[[ Information given, beginning ]]

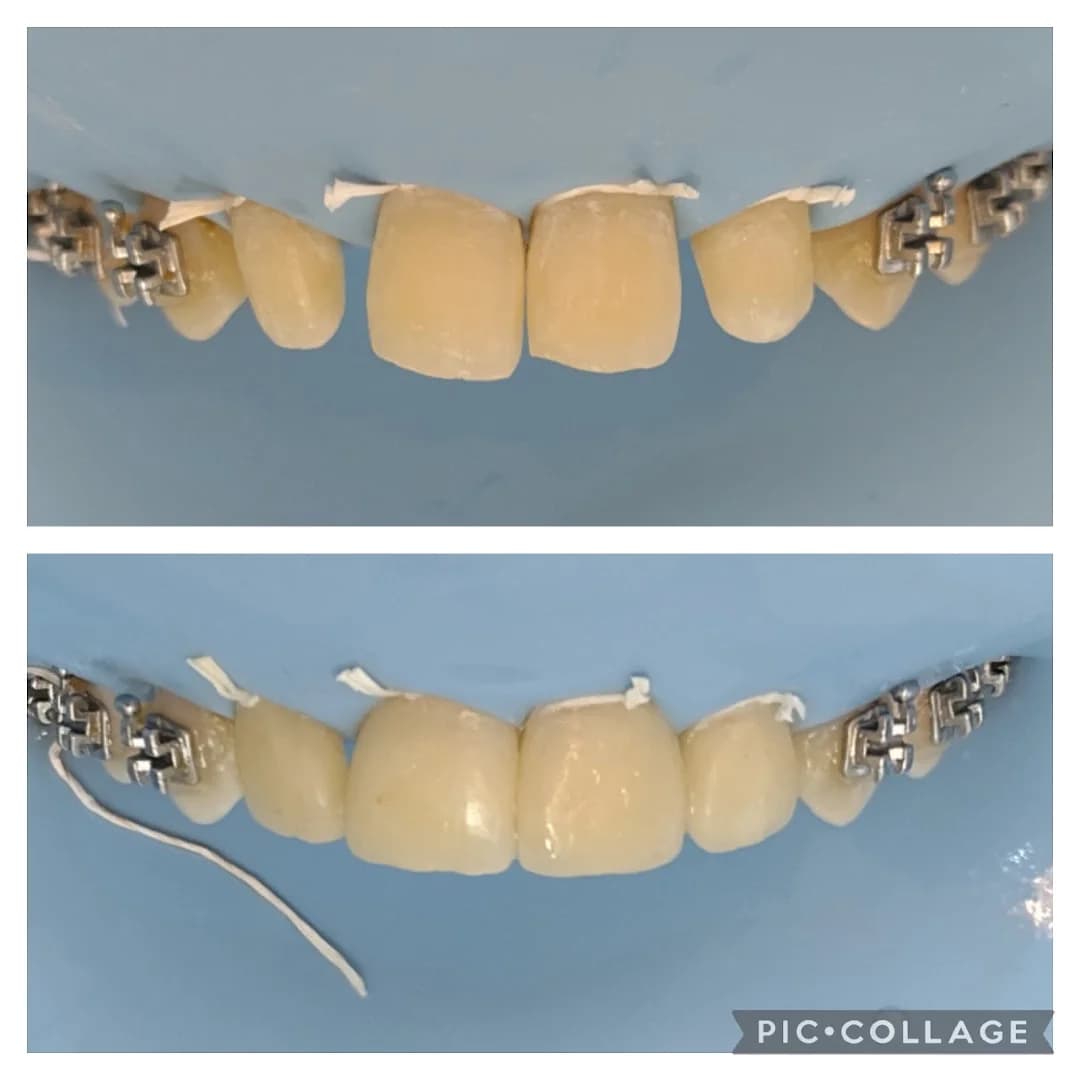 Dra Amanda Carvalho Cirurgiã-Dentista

[[ Information given, end ]]
[[ Information given, beginning ]]

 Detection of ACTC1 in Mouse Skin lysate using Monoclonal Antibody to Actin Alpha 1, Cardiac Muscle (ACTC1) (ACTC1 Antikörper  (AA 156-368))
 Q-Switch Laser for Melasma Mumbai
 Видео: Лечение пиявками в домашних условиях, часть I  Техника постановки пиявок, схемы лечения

[[ Information given, end ]]
[[ Information given, beginning ]]

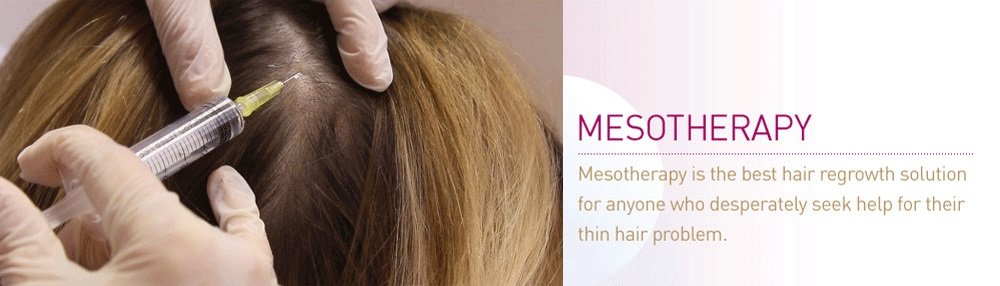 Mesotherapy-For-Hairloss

[[ Information given, end ]]

Aim of the task: Every line above from the line with "Detection of ACTC1" to the line with "Видео: Лечение пиявками", both included, must be reproduced exactly, and no other line may appear.

Worked solution:
 Detection of ACTC1 in Mouse Skin lysate using Monoclonal Antibody to Actin Alpha 1, Cardiac Muscle (ACTC1) (ACTC1 Antikörper  (AA 156-368))
 Q-Switch Laser for Melasma Mumbai
 Видео: Лечение пиявками в домашних условиях, часть I  Техника постановки пиявок, схемы лечения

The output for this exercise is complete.